Summoning the great unknown with the witches of TikTok

Summoning the great unknown with the witches of TikTok

by Dominic Jackson

They had gone too far this time.  After months of honing their abilities and channelling their collective energies a breakthrough happened. For a brief moment a single paw materialized on the alter they had built (along a lay-line, obviously) and for a second the baby witches of TikTok had successfully began the conjuring of the unknown beast.  The video went viral immediately and with it their powers as a coven grew. Facebook tried to suppress the footage with a warning saying it was digitally altered in some way, but the girls knew what they had accomplished and it wasn’t long after they were to try again…
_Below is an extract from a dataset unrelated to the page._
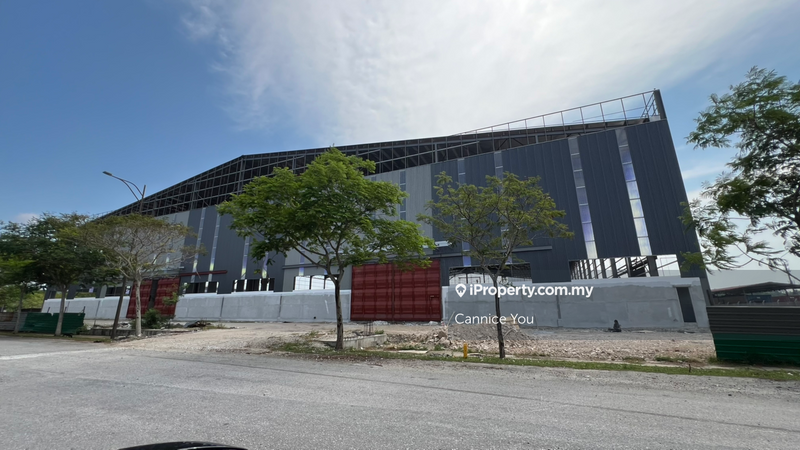For Sale - Pulau Indah Industrial Park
It was midnight, April 20th, when the girls met again in the local woods behind the Arby’s next to where homeless people sometimes meet up for casual encounters with one another.  A private place filled with secrets and magic.  The five of them all brought an item of extreme power and after carving out a crude pentagram in the mud with a long stick they placed their items on each of its five points.  The first girl, who was the most powerful of the coven (63000 likes on her latest toilet sage cleansing video) placed on her point a crumpled up pile of Magic the gathering cards.


“When I left my ex boyfriend he sent me these and said he couldn’t look at them anymore.  He said he cried into this pile for weeks remembering how he used to ignore me to play this game.  His pathetic sadness will be my power." She told the group.


The other girls placed their objects of power to their assigned points on the pentagram one at a time, they were as follows -


*A Korn lighter used to smoke weed once with but only once it was scary.


*A judge's hammer, used to sentence a man to a lifetime in a cum prison.


*A pen drive featuring 666 images of dogs drawn by absolute nut jobs who believe dogs are real but have never seen one.


*An old spooky doll that “must have watched my parents bang like a fucking ton. I dread to think what this poor bastard has seen in his lifetime.”


With the items perfectly arranged, the girls (all wearing sick robes they got from AliExpress) lit some candles, held hands, closed their eyes and began to chant in tongues.


“Glupio Gadajacy Belkot! Glupio Gadajacy Belkot! Glupio Gadajacy Belkot!” They chanted in unison and the earth between them seemed to vibrate.  Louder they chanted as the vibrations grew stronger until a cracking sound could be heard, like boulders breaking under an immense weight.  Suddenly a powerful force erupted from the centre of the pentagram, and the girls were propelled backwoods, releasing their grips and falling to the floor.  


A thick blanket of white smoke covered the clearing and in the middle of the girls stood the beast. It did not move, it’s long golden hair swayed lightly in the breeze.  The witches of TikTok recognised it from their book of dogecore lore and spells.  It was a golden retriever, the smartest of all dog breeds.  One of the coven began weeping uncontrollably.  The Golden retriever scanned the faces of the mortals in front of it and from somewhere deep within its core a voice bellowed...


“On December 10th 2004 the investigative journalist Gary Webb committed suicide by shooting himself twice in the head.  A sad and strange ending for the man who poured so much of his life into uncovering the secret plot by the CIA to traffic crack cocaine from Nicaragua directly onto the city streets of America, in particularly black neighborhoods.  This was done via the CIA CONTRA programme in the 1980’s which exploded the crack cocaine drug problem in the united states.  Gary Webb uncovered this plot and shared it with the American public in his Dark Alliance series of articles for the Los Angeles times and he ends up suiciding himself with 2 shots to the head?  Seems a little convenient to me.”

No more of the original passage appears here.